Logical question to arise would be: isn’t there anything better than regular decision trees? And the answer to this question would be: yes, there is—but with its own nuances.
Despite the great popularity of deep learning, researchers are still widely working on improving the decision trees. Among these “upgrades” are so-called oblique decision trees. In a regular tree, each node has a splitting rule by a single feature, while in oblique trees, each node contains rules based on a combination of several features. The simplest example of a combination is linear—let’s take a closer look at it.
Oblique decision trees allow performing node splitting based on a combination of features instead of just one feature. This linear combination can improve the generalization performance of the model by combining the advantages of individual trees.

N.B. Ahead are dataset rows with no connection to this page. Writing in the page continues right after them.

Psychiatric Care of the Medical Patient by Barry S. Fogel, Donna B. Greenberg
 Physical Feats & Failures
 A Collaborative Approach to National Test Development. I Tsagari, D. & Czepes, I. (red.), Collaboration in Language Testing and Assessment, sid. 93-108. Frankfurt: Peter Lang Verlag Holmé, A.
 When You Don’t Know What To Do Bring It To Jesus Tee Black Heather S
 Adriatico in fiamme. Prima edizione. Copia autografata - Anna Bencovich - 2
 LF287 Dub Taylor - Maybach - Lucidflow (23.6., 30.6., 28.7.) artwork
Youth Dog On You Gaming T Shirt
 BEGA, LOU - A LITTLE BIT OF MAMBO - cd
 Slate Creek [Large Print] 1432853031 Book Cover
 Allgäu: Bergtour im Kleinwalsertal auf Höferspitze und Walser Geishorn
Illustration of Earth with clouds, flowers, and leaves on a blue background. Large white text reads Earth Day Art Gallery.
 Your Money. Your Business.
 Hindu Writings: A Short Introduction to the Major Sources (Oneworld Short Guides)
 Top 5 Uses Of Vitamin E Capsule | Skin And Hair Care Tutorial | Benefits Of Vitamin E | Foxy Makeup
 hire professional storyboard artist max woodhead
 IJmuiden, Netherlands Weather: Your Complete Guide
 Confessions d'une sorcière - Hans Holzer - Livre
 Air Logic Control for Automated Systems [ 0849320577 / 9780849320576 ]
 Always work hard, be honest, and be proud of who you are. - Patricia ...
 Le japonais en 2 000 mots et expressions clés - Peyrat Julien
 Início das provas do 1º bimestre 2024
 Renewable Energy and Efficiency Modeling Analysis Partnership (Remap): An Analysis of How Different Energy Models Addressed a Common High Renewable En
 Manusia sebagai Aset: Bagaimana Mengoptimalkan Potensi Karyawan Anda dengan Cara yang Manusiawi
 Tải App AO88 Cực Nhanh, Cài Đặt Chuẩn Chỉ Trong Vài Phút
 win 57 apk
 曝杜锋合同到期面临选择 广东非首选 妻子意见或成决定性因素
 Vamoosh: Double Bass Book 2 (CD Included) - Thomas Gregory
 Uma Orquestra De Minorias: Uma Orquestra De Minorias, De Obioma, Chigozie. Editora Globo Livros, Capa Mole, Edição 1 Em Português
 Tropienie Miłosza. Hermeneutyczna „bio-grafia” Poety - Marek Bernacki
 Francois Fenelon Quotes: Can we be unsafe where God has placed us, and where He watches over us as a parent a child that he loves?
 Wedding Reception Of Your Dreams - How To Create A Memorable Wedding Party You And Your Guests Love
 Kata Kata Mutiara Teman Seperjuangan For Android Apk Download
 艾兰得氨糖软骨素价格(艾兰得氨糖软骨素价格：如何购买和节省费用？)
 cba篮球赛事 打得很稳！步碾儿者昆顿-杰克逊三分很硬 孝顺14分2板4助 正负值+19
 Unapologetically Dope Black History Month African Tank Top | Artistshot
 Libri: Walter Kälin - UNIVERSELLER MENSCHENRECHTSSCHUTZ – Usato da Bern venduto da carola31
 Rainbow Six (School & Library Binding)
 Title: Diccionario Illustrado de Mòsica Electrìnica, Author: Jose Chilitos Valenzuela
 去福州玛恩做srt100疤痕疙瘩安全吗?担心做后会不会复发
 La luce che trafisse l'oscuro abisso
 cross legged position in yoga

Let us imagine that we have a classification task based on two features with the elements of the training sample that are distributed like in the image below (different classes are marked by different colors).
Understandably, the researchers will be eager to identify such situations and use tilted or oblique, straight lines—which represent a linear combination of features—to divide the space. In regular trees, the splitting rules are interpreted in the graphic form as horizontal or vertical straight lines. Oblique tree types, on the other hand, can create diagonal decision boundaries in the space of features, which may be more appropriate for certain datasets. It is because of the oblique division lines these types of trees are called oblique.
Oblique decision trees can be used in various fields of machine learning and data analysis, where regular decision trees don’t bring significant results. Here are some examples of such areas:
Complex data spaces. In datasets where decision boundaries are not axially parallel, oblique trees may be more effective at separating classes or detecting nonlinear dependencies.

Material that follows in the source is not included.